Our apartment has extremely hard water, and the toilet has severe mineral buildup that makes it impossible to flush. Is it possible to attach a filter to capture this before it deposits on the toilet?

Edit: It's a brown stain, so I'm guessing it's not lime.

  • You need more than to toilets if that goes in .Sinks will be later .Need whole house filter .
    – user101687
    Jun 21, 2019 at 20:15
  • 2
    Typically manganese (&/or iron) for the brown staining, but quite common for it to be only part of the equation - it will happily stain the limestone that's also depositing brown if the water has both lime and manganese (&/or iron.) Manganese alone rarely builds up much, it just stains heavily. If the concentration is high enough, you should avoid drinking the water, but you'd need a water test to know how high the concentration is.
    – Ecnerwal
    Jun 22, 2019 at 2:45

1 Answer 1


The lime or other minerals are dissolved in the water, so no amount of filtering will typically help.

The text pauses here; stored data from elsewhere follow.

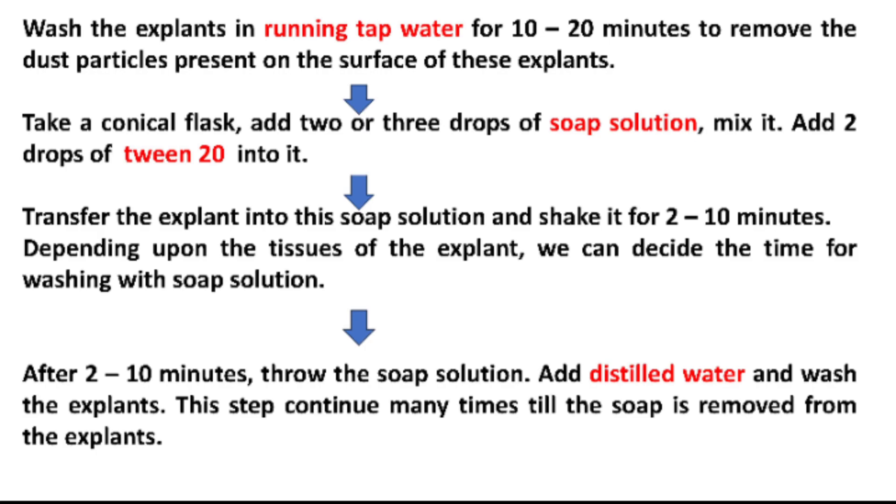Take a conical flask, add two or three drops of soap solution, mix it, and add two drops of Tween 20 into it. Transfer the explant into this soap solution and shake it for 2 to 10 minutes — depending upon the tissue of the explant, we can decide the time for washing. After 2 to 10 minutes, throw the soap solution out, add distilled water, and wash the explants. Repeat this step many times until the soap is fully removed from the explants.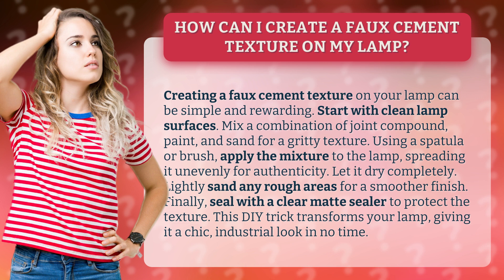Let it dry completely. Lightly sand any rough areas for a smoother finish. Finally, seal with a clear matte sealer to protect the texture.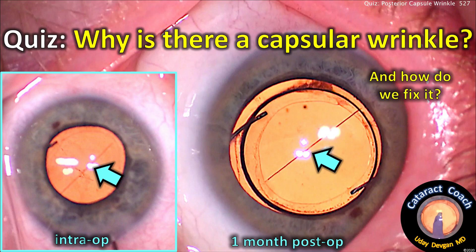CataractCoach.com Quiz: Why is there a capsular wrinkle, and how do we fix it?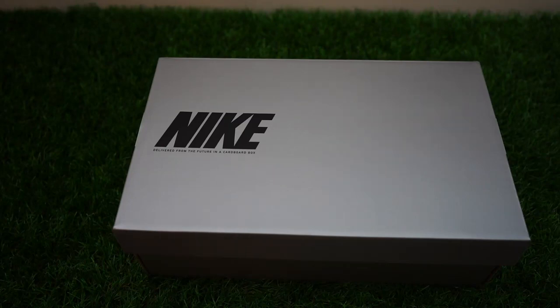Welcome everybody to another review. This time we're going to review the Vapor 13 Elite in the FG stud pattern. Nike decided to release these on July 7th, the same day as the Women's World Cup final. They had the orange special edition colorway, the blue one, and the black — all in both the Superfly and the Vapor. Right now I have the black colorway of the Vapor.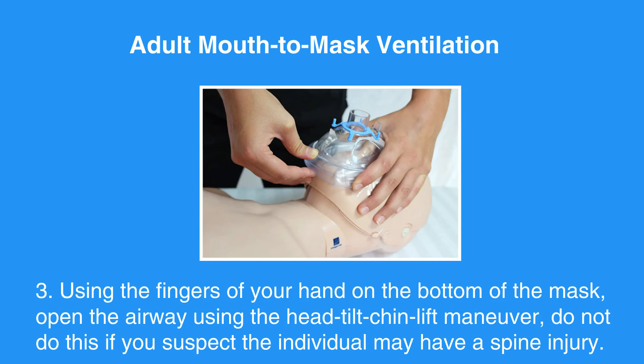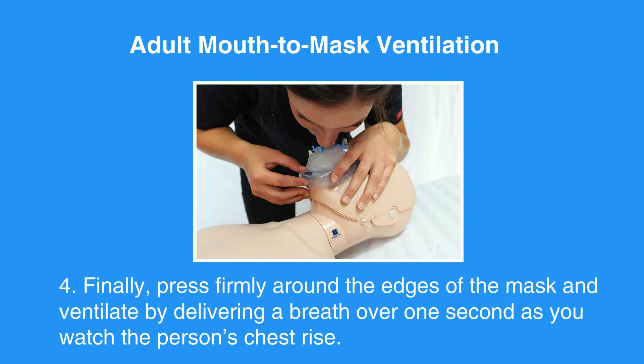Do not do this if you suspect the individual may have a spine injury. Finally, press firmly around the edges of the mask and ventilate by delivering a breath over one second as you watch the person's chest rise.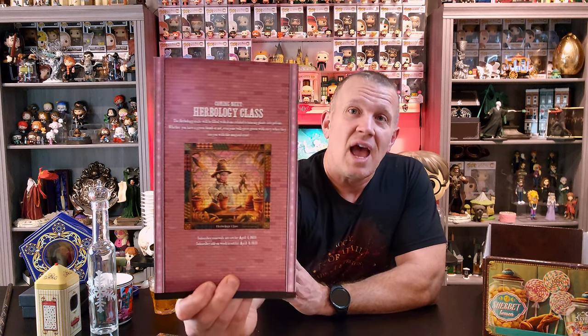The next box is Herbology. I am hoping beyond hope that they put in there — I have a mental block with the name of this plant — it's the Mimbulus. I can never remember the second name, but it's the plant that Neville's always holding. There are tons of different little figures and statues of him holding that plant. I'm hoping they add one of those plants in that box because I need one in my collection. I know there's a person on Etsy that makes one that's really amazing, but I'm hoping LitJoy puts it in the Herbology box.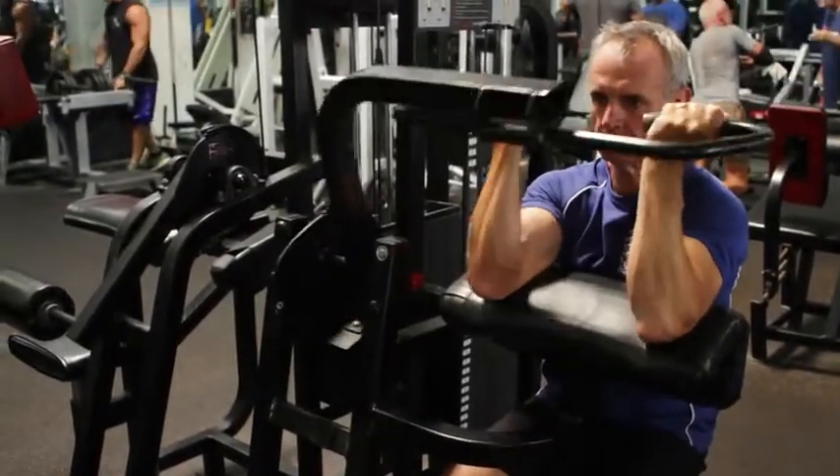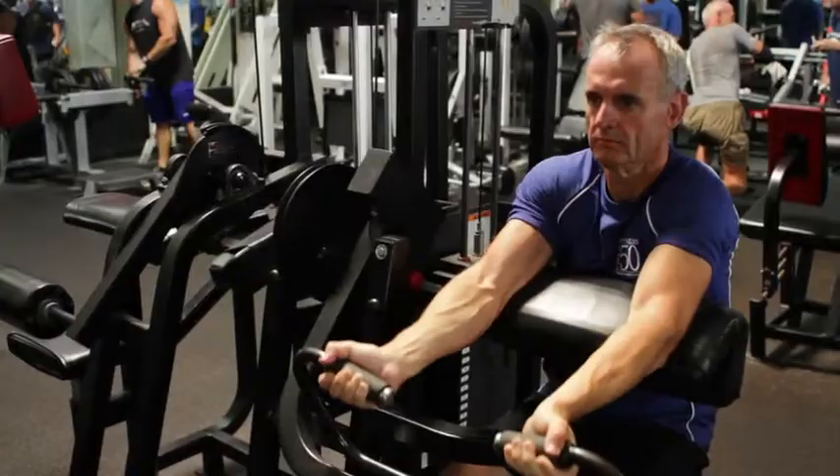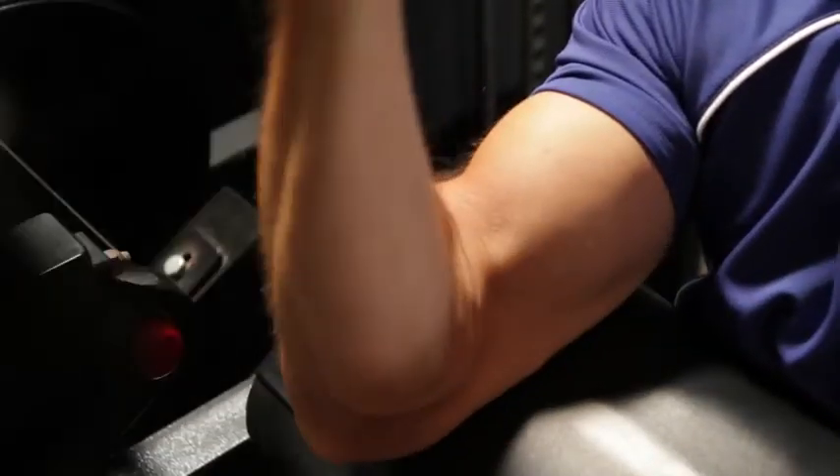Start off with the elbows off the front edge of the pad. Curl the handles upwards fairly quickly, hold for a count, then lower slower.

Solutions for hard-water involve treating the water in some way. Hard water creates many different problems, and usually toilets are the least-expensive issue. Killing your hot water heater is typically the most immediate side effect, and certainly you'll have scale buildup elsewhere in your plumbing that you don't see. As a result hard-water treatment systems typically treat the whole water supply for the house. There are a few main categories for the most common water-treatment systems:

  1. Water softening through sodium ion replacement (aka classic water softening systems)
  2. Reverse Osmosis (typically the most expensive option)
  3. Water chelation (a more modern method. By way of example this is a chelation system. I've never used it and I'm not advocating for it, it's just less familiar to most so I wanted an example).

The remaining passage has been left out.